# Smoked/Roasted Garlic Tutorial "Q" view



## sqwib

Figured I would share a quick tutorial on Roasting/Smoking Garlic

I'll keep it simple with lots of pictures

Today I smoke/roasted some garlic in olive oil with a wee bit of salt and froze, vacuum sealed and placed in the freezer till I was ready to use them.









Tops cut off to expose garlic.







Olive Oil.







Sea Salt.







On the GOSM BB with cherry wood. Make sure to Smoke around 200 - 225, especially if smoking in the pan.







After 2.5 hours.







Ready to be cleaned.








Removing Garlic








Garlic ready for packing.









Garlic Laid out on cookie sheet and ready for firming in the freezer.









Fresh out of the freezer and ready to be vacuum sealed.











Vacuum sealed and into the freezer.

Garlic does not keep well, I suggest the freezing unless it will be used within a week.


----------



## jc1947

*Thank you for the step by step. I am going to try it.*

*JC1947  *


----------



## raymo76

Thanks! I'll have to try that, and I just borrowed a vacuum sealer from my in laws and I think I have the garlic....


----------



## oldschoolbbq

Right on spot Squib
	

	
	
		
		



		
		
	


	





,you should have jumped on Dave's deal. His Garlic was Astounding
	

	
	
		
		



		
		
	


	





  and 3 different kinds. He's getting a Pumpkin Roll and Buckeyes for Christmas
	

	
	
		
		



		
		
	


	









Mmmmmmmmm.........................Garlic


----------



## fpnmf

Real nice SQWIB!!!

 Never thought about using the muffin tin..

  Craig


----------



## realtorterry

Awesome, I love roasted garlic!


----------



## sierra

Nice tutorial! 

Hmm... I wonder how well dehydrateing some of these would work to make smoked garlic powder...


----------



## exhaustedspark

I am confused. I thought Freezing Garlic caused it to lose its flavor.

Karl


----------



## sqwib

ExhaustedSpark said:


> I am confused. I thought Freezing Garlic caused it to lose its flavor.
> 
> Karl




No need to be confused and yes it will loose some of its potency as will under refrigeration.


----------



## sqwib

Sierra said:


> Nice tutorial!
> 
> Hmm... I wonder how well dehydrateing some of these would work to make smoked garlic powder...

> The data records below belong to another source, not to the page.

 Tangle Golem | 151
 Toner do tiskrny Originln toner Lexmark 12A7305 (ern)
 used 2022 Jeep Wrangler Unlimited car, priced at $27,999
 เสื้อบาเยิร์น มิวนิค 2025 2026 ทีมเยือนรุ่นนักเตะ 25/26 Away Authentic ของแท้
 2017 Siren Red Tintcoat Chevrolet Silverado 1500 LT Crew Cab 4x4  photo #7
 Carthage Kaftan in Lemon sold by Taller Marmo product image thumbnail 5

I probably wouldn't use oil if dehydrating them, maybe just dry them in a smoker followed by a dehydrator.


----------



## masterofmymeat

I did not know that garlic loses flavor if refrigerated or froze. Note to self: keep

the garlic out of the fridge and use it pronto, thanks SQWIB...James


----------



## sqwib

fpnmf said:


> Real nice SQWIB!!!
> 
> Never thought about using the muffin tin..
> 
> Craig




Keeps the oil in better, however you need to keep temps low because the pan will get hot and cook the garlic where it touches the sides, you can see in my pics a few cloves got cooked a little bit.


----------



## daveomak

Sqwib.... That looks so good... Bride does the same for saving over the winter... Um Um GOOD STUFF.....
 


Sierra said:


> Nice tutorial!
> 
> Hmm... I wonder how well dehydrateing some of these would work to make smoked garlic powder...

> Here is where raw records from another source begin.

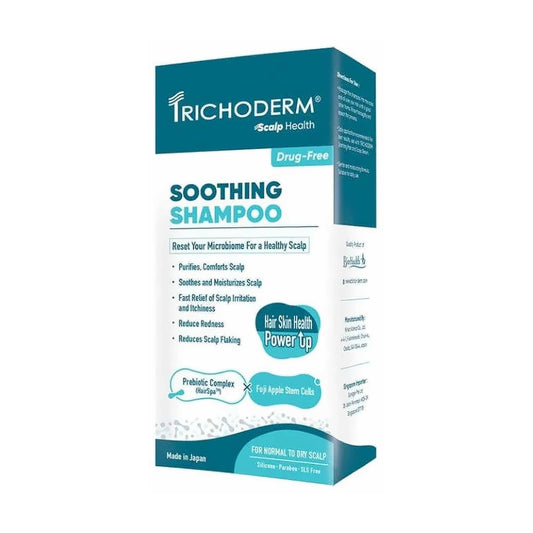 Trichoderm - Soothing Shampoo For Normal to Dry Scalp 200ml - MV hair and beauty
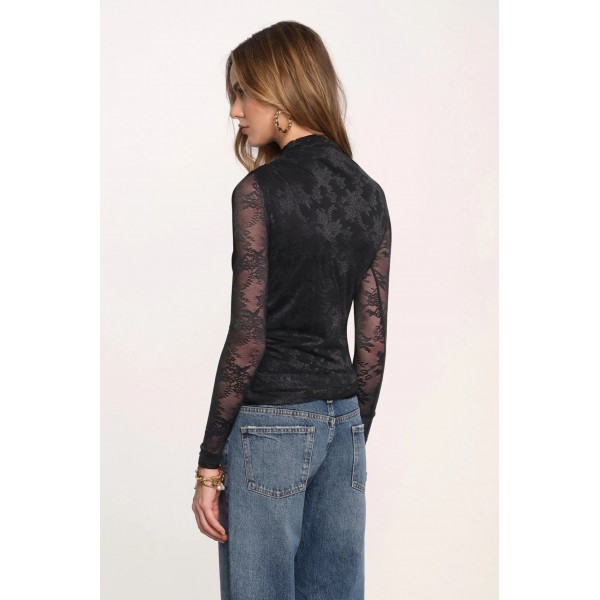 Fallon Lace Top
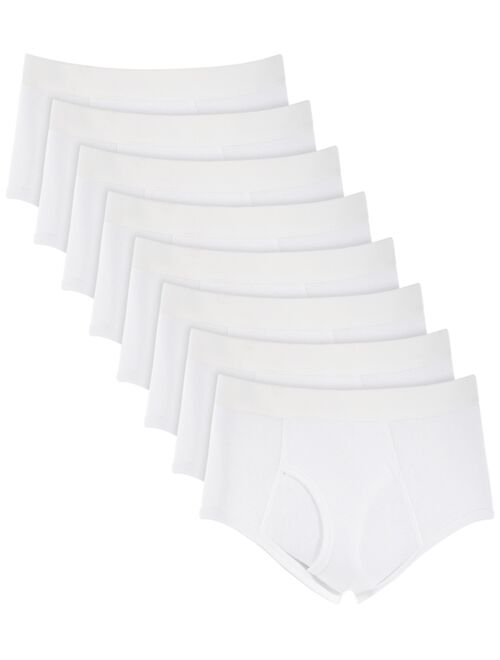 Club Room Men's Briefs, 8-Pack, Created for Macy's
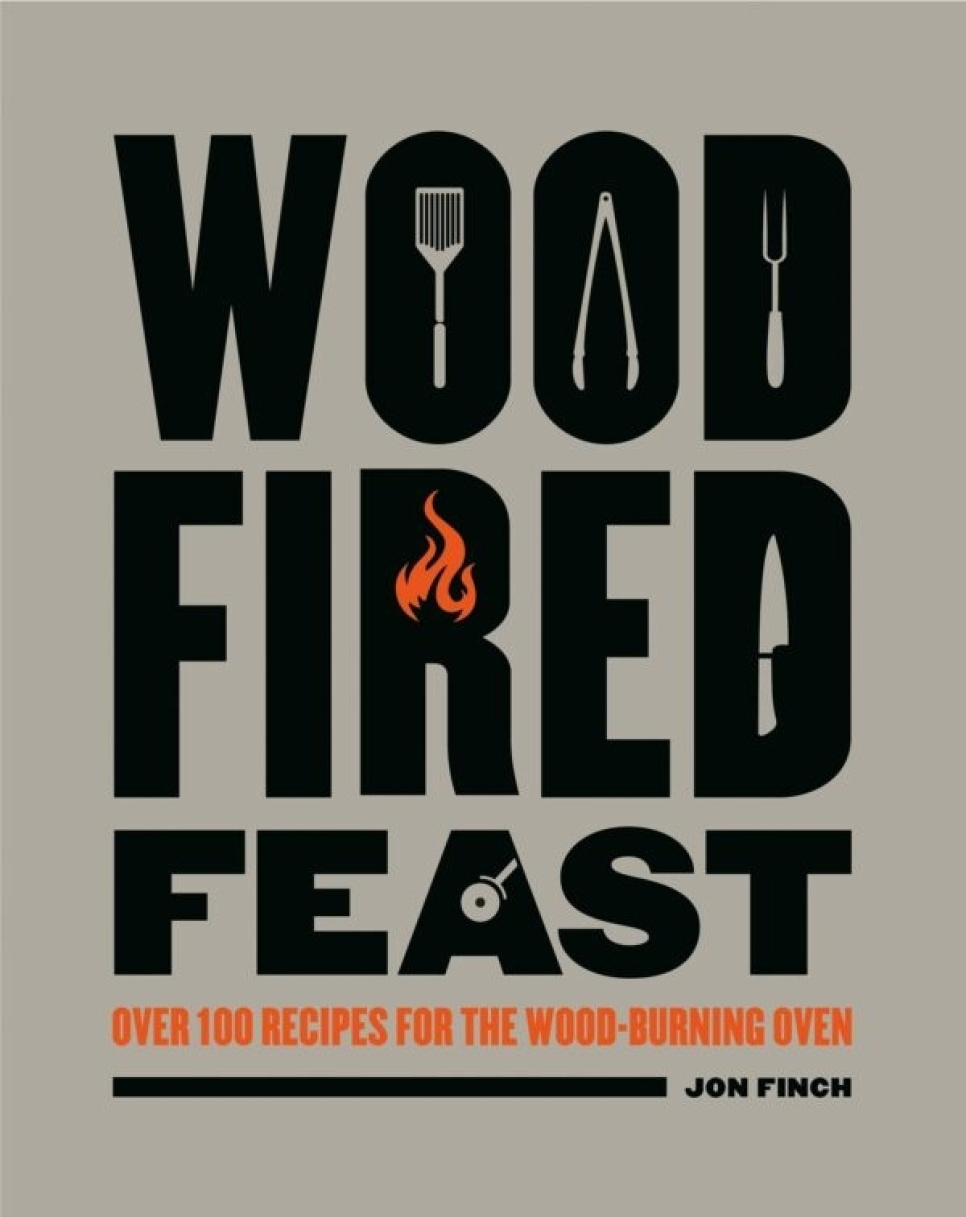 Wood Fired Feast - Jon Finch i gruppen Madlavning / Kogebøger / Råvarer & Teknik / Grill & Ild hos The Kitchen Lab (1987-26669)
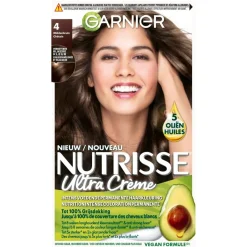 Discount Garnier Ultra Crème 4 Middenbruin Permanente Haarkleuring Haarverf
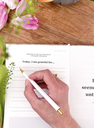 THE GRATITUDE LIST notebook saphire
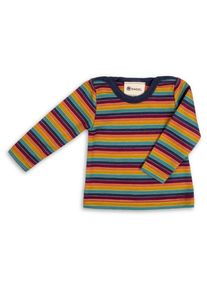 Engel Baby Pulli L/S Druckknöpfe an den Schultern Merinoshirt Kinder (Gr 50/56 |multicolour)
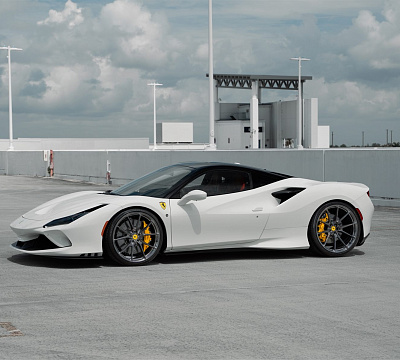 Фото дисков Anrky AN12 на Ferrari F8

Sierra, afternoon...... I have dehydrated lots of garlic.... Here is a thread to it.... I would dehydrate and then cold smoke it at 110*F ... then vac pack and freeze and grind just prior to use... Dave

http://www.smokingmeatforums.com/t/110163/dehydrating-garlic


----------



## sierra

DaveOmak said:


> Sqwib.... That looks so good... Bride does the same for saving over the winter... Um Um GOOD STUFF.....
> 
> 
> 
> 
> Sierra, afternoon...... I have dehydrated lots of garlic.... Here is a thread to it.... I would dehydrate and then cold smoke it at 110*F ... then vac pack and freeze and grind just prior to use... Dave
> 
> 
> 
> http://www.smokingmeatforums.com/t/110163/dehydrating-garlic



Thanks for the info! I will certainly need to try this next soon!


----------



## scarbelly

Nice tutorial Squib. Been roasting in tins for years but now I gotta try in the smoker. 

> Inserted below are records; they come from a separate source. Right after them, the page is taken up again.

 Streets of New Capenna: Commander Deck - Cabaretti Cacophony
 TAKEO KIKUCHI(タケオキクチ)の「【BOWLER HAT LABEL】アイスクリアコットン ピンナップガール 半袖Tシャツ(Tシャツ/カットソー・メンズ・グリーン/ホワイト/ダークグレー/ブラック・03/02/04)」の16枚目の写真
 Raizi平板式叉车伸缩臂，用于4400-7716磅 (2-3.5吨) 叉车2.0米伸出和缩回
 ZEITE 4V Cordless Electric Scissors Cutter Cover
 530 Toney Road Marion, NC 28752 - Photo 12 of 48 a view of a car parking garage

Gotta agree with the rest of the guys, Davids garlic is awesome


----------



## sqwib

DaveOmak said:


> Sqwib.... That looks so good... Bride does the same for saving over the winter... Um Um GOOD STUFF.....
> 
> 
> Sierra, afternoon...... I have dehydrated lots of garlic.... Here is a thread to it.... I would dehydrate and then cold smoke it at 110*F ... then vac pack and freeze and grind just prior to use... Dave
> 
> http://www.smokingmeatforums.com/t/110163/dehydrating-garlic


Dave great tutorial, what exactly did you use to slice that garlic?


----------



## africanmeat

SQWIB you right it does not last long we finishing it quick quick in pasta.mash.butter spread .


----------



## daveomak

SQWIB said:


> Dave great tutorial, what exactly did you use to slice that garlic?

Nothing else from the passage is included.